The Mortician's Daughter: Three Heartbeats Away Page 22
“Dinner is on me!” Mrs. Parker says as Hayden and I are about to leave.
“I can pay for myself,” I say.
“No,” she says. “You won’t take payment for driving him to therapy sessions or helping him with his schoolwork. This is the least I can do.”
“Just say thank you,” Hayden says to me and takes the money his mom is holding out. From his tone, he appears eager to get out of the house. As if he has something to tell me.
“Go somewhere nice,” she says.
I grin. “Thank you, Mrs. Parker.”
“You are welcome. And by the way, just in case my son doesn’t say it, you look amazing tonight.”
I look down at the blue blouse and new jeans. “Thank you.”
“I was going to tell her,” Hayden says, “but you pretty much ruined it for me.”
We laugh. As the door closes behind us, Hayden pulls out his phone.
“Right before you got here, I found another article. It states they have several suspects in the case. One of them has a record. I think it’s the guy you saw. You nailed it, Riley.”
I take his phone, reading as I head to my car.
“This way,” Hayden says. “You’re driving my car.”
“You got it already?” I ask.
“Yeah. Mom got off early today and picked it up.” He grins. “It’s in the garage.”
“Don’t you want to be the first to drive it?”
“No. I’d rather it be you.”
I lift up and kiss him. Then we walk into the garage. Before I get in, I stop and finish the article. “I wonder who the other suspects are.”
“I don’t know,” he says.
I nip at my lip. “I kind of feel bad for thinking Coach Ericson did it.”
“Hey, he may not be a murderer, but I’m pretty sure the creepy vibe you get from him is right on.”
We head out to an Indian restaurant. I tell him how great his car runs. Over three different kinds of hummus, lamb, and fried redfish, we laugh and eat, and while I can’t say it, I know I’m in love with him.
As we’re waiting for the bill, I tell him my plans. “I’m going to see my mom tomorrow.”
He sets his water down. “You spoke with her?”
“No, I texted her, and she replied that she’d be waiting for me. I’m going to go to her art gallery.”
“Why isn’t she coming here?”
“I suggested it,” I say. “I thought I could use the drive up there to work up my courage.”
He nods. “I figure this is a no, but if you need company—”
“Thanks, but I need to do this alone.”
He puts his hand on mine. “I’m proud of you.”

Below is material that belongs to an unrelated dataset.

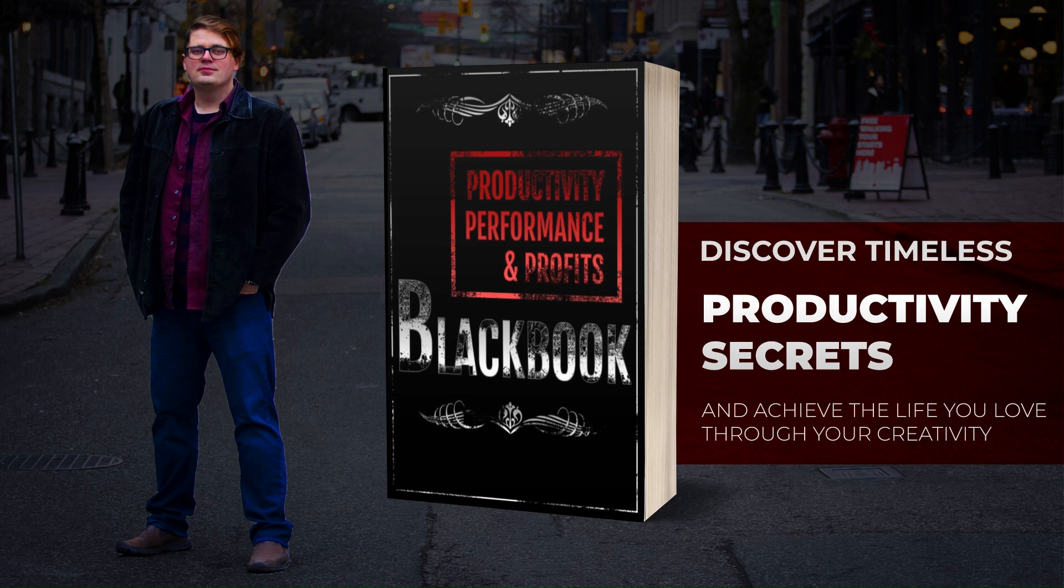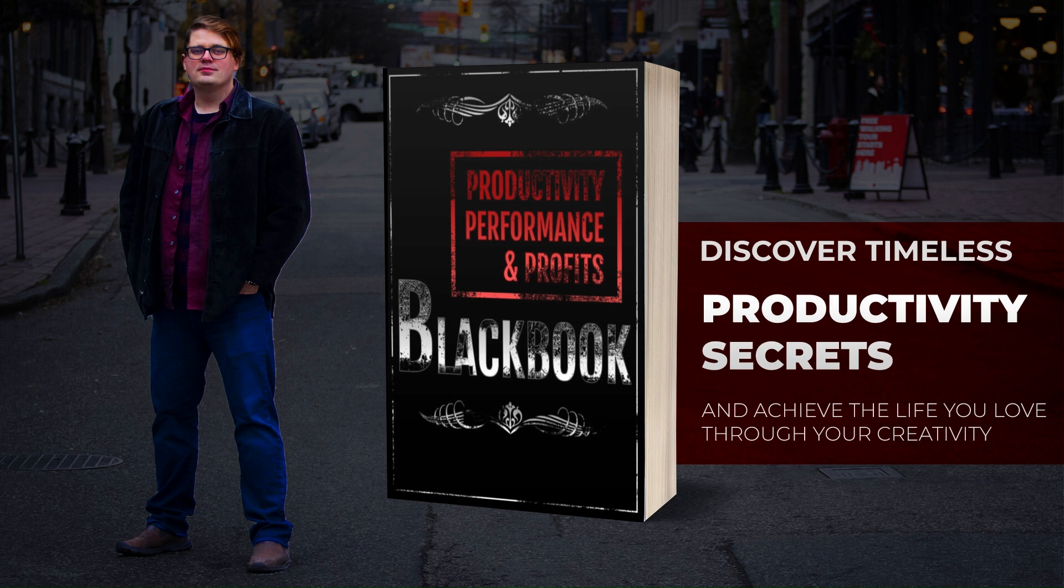Hey, thanks for watching. Don't forget to like, comment, and subscribe. By the way, did you know that I've got a brand new premium book? It's called The Productivity, Performance, and Profits Black Book, and it's one of the most ambitious projects I've taken on yet. It even includes my fifth book, Start Your Year the Right Way, in its entirety. Interested in learning more? Head on over to the link in the description. Cheers.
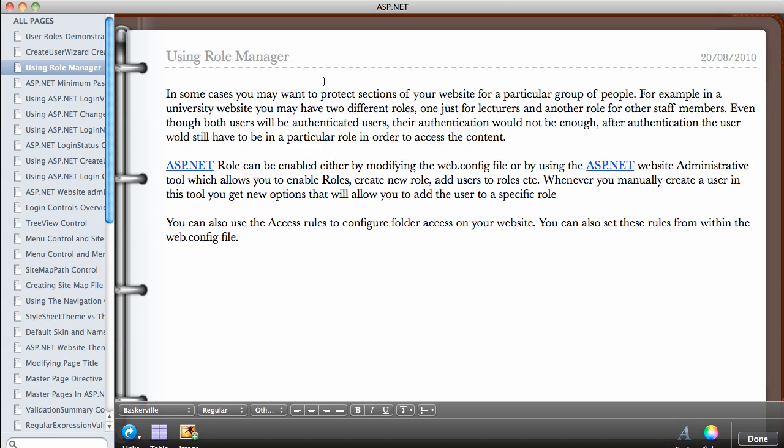If you have three different types of people, you may have the student. So when the student logs in they're authenticated and they can view some certain parts of the website. They won't be able to access the content that has been protected for the lecturer and for the other members of staff.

I turn my water glass in my other hand. “Wait and see how I deal with it first.”
“It doesn’t matter how you deal with it. It’s the fact that you’re doing it that matters.”
“I hope so,” I say.
After we pile back in the car, I say, “You know, Kelsey asked if we could go over to Dex’s and visit. You want to do that?”
“Yeah,” he says. “I’ve spoken to him every day, but I’d like to see him.”
I call Kelsey and give the heads-up about coming over. Dex asks us to bring him a shake.
Five minutes later, I park at Whataburger. As we get close to the door, it opens. I step back, and when I see who just walked out, I stop. Hayden looks up, and his expression hardens.
Jacob drops his hand from Brandy’s waist. The air becomes thick with tension.
“Anything you want to tell me?” Hayden’s tone is short but shy of being completely pissed off.
Jacob’s gaze shoots to me. “You told him?”
I’m searching for the right thing to say when Hayden jumps in. “She didn’t tell me anything until I told her I suspected you two were going behind my back. You think I didn’t notice how you acted when Brandy came up to the hospital?”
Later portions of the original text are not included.